Published in : , Prague


Image  If an inventory of the pockets and backpack turns up 63.50 Kč, 39 U.S. cents, 10 Sk, three bottle caps, and three used up AAA batteries, there’s only way to do Petřiny, end of the line for trams 1 and 18, and that’s on a budget. Some do the budget thing fanatically; others have it forced upon them. There’s the old man who dies a pauper’s death but has $100,000 in a shoebox under his mattress, and there’re the spendthrifts who cash in every coin, lest the Antichrist arrive tomorrow and declare most currencies useless.


To explore on a budget dictated by binges from the 10th of one month (payday) to the first of the next (rent day), which lead to a diet of Braník and rice from rent day to payday, when the bingeing begins anew, one needs a couple of things: a metro pass and a bottle. The metro pass, 30 days for 440 Kč, not only budgets money (one 20 Kč ride a day over 30 days is 600 Kč), but time, as there’s no need to wait by the ticket machine for folks to fumble their change and press the wrong buttons, making others miss their trains.

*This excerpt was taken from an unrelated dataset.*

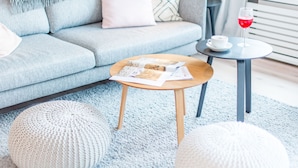 Un soggiorno con un divano grigio, un tavolino in legno con una rivista e due pouf bianchi su un tappeto blu.
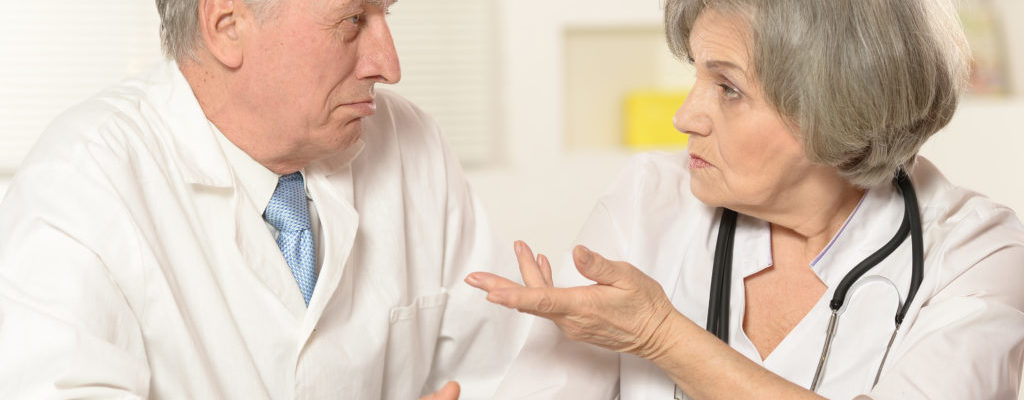Elderly doctors working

The bottle, which easily fits in that holster thing backpacks have these days for water, means no 3 Kč deposit, which nearly doubles the price of, say, Klasik, and there’s always a bottle—or perhaps 40-some—sitting in a crate in the kitchen.
Finding somewhere to fill the bottle on a Petřiny Saturday isn’t easy. Perhaps it’s simpler during the week, when that neck of the woods surely bustles; it’s tough to know for those with jobs, though. Most of the people head up the hill, toward what a bike sign indicates is Oborá Hvězda, this foresty spot. Maybe it’s wise to follow. It’s a ritzy neck of town, though, the kind of place where people don’t advertise their beer prices in chalk on the front door, the kind of place where there ain’t no damn potraviny. Maybe it’s grand in Petřiny’s Oborá Hvězda, maybe it’s swell to take beer from closer to the center into the those woods. I wouldn’t know—the first store I found on the route I walked was at Dvorká Šarka, where the Braník bottles cost a whopping 10 Kč, deposit not included, but watching the ducks, like all broke-ass old men do, is free. But that’s the end of some other lines.